HLA Specificities Are Associated with Prognosis in IGHV-mutated CLL-like High-count Monoclonal B Cell Lymphocytosis

Overview

Journal PLoS One

Specialties General Medicine
Science

Date 2017 Mar 2

PMID 28249016

Citations 2

Authors

Maria Garcia-Alvarez

Miguel Alcoceba

Miriam Lopez-Parra

Noemi Puig

Alicia Anton

Ana Balanzategui

Isabel Prieto-Conde

Cristina Jimenez

Maria E Sarasquete

M Carmen Chillon

Maria Laura Gutierrez

Rocio Corral

Jose Maria Alonso

Jose Antonio Queizan

Julia Vidan

Emilia Pardal

Maria Jesus Penarrubia

Jose M Bastida

Ramon Garcia-Sanz

Luis Marin

Marcos Gonzalez

Affiliations

Soon will be listed here.

Abstract

Introduction: Molecular alterations leading progression of asymptomatic CLL-like high-count monoclonal B lymphocytosis (hiMBL) to chronic lymphocytic leukemia (CLL) remain poorly understood. Recently, genome-wide association studies have found 6p21.3, where the human leukocyte antigen (HLA) system is coded, to be a susceptibility risk region for CLL. Previous studies have produced discrepant results regarding the association between HLA and CLL development and outcome, but no studies have been performed on hiMBL.

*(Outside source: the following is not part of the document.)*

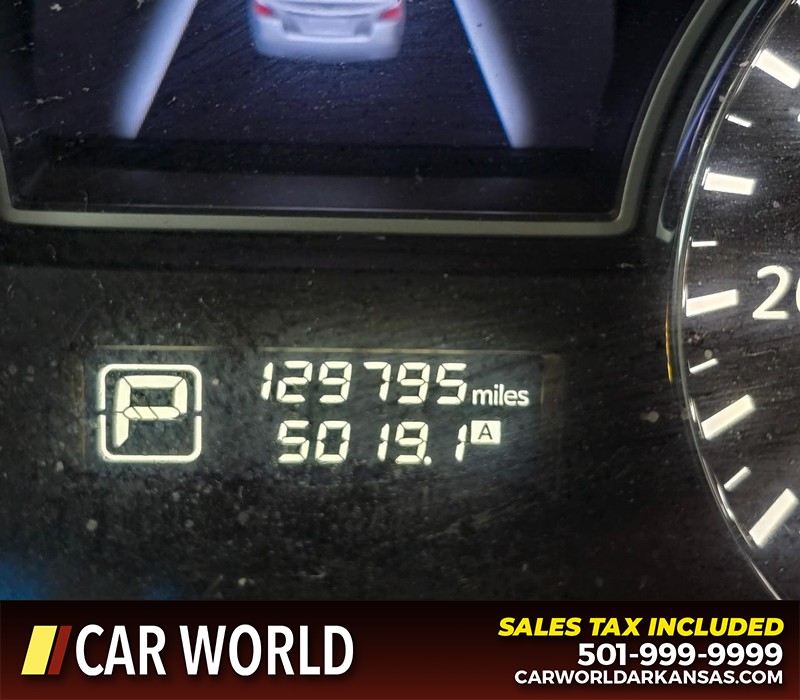Nissan Altima Vehicle Full-screen Gallery Image 16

Aims: We evaluated the role of HLA class I (-A, -B and -C) and class II (-DRB1 and -DQB1) in hiMBL/CLL susceptibility, hiMBL progression to CLL, and treatment requirement in a large series of 263 patients diagnosed in our center with hiMBL (n = 156) or Binet A CLL (n = 107).

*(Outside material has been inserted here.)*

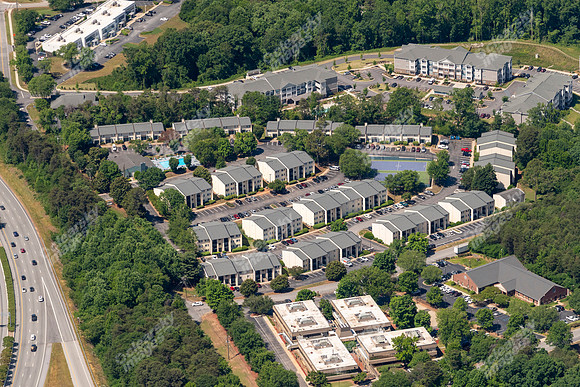 ivy-lakeside-air-8915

Results: No consistent association between HLA specificities and hiMBL or CLL susceptibility was found. With a median follow-up of 7.7 years, 48/156 hiMBLs (33%) evolved to asymptomatic CLLs, while 16 hiMBLs (10%) and 44 CLLs (41%) required treatment. No HLA specificities were found to be significantly associated with hiMBL progression or treatment in the whole cohort. However, within antigen-experienced immunoglobulin heavy-chain (IGHV)-mutated hiMBLs, which represents the highest proportion of hiMBL cases (81%), the presence of HLA-DQB1*03 showed a trend to a higher risk of progression to CLL (60% vs. 26%, P = 0.062). Moreover, HLA-DQB1*02 specificity was associated with a lesser requirement for 15-year treatment (10% vs. 36%, P = 0.012).

Conclusion: In conclusion, our results suggest a role for HLA in IGHV-mutated hiMBL prognosis, and are consistent with the growing evidence of the influence of 6p21 on predisposition to CLL. Larger non-biased series are required to enable definitive conclusions to be drawn.

Citing Articles

HLA Gene Polymorphisms in Romanian Patients with Chronic Lymphocytic Leukemia.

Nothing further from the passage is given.